Content starts

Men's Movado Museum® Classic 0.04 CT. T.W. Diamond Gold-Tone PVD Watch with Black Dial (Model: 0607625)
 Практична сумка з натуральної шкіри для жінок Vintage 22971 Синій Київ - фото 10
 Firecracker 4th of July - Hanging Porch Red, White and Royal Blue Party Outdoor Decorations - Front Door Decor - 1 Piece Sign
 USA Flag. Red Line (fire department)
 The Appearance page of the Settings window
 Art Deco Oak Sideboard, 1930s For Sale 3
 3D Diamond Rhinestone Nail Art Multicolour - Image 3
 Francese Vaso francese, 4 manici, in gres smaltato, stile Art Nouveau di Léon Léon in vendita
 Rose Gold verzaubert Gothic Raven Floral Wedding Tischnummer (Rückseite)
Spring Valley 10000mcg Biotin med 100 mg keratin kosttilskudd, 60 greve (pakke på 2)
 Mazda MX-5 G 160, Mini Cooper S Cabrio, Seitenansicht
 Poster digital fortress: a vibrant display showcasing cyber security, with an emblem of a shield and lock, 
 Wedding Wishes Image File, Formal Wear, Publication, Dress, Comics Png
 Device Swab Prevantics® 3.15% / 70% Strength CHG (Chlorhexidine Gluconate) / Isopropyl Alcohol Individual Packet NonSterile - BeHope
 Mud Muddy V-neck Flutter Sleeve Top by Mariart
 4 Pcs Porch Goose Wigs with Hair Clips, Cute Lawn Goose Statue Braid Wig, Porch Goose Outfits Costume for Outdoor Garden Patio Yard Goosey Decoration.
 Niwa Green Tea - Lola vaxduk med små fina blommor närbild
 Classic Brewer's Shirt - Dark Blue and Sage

Content ends

** Requirement **
When a line holds the string "Wedding", pull it out of the listing.

** Task solution **
 Rose Gold verzaubert Gothic Raven Floral Wedding Tischnummer (Rückseite)
 Wedding Wishes Image File, Formal Wear, Publication, Dress, Comics Png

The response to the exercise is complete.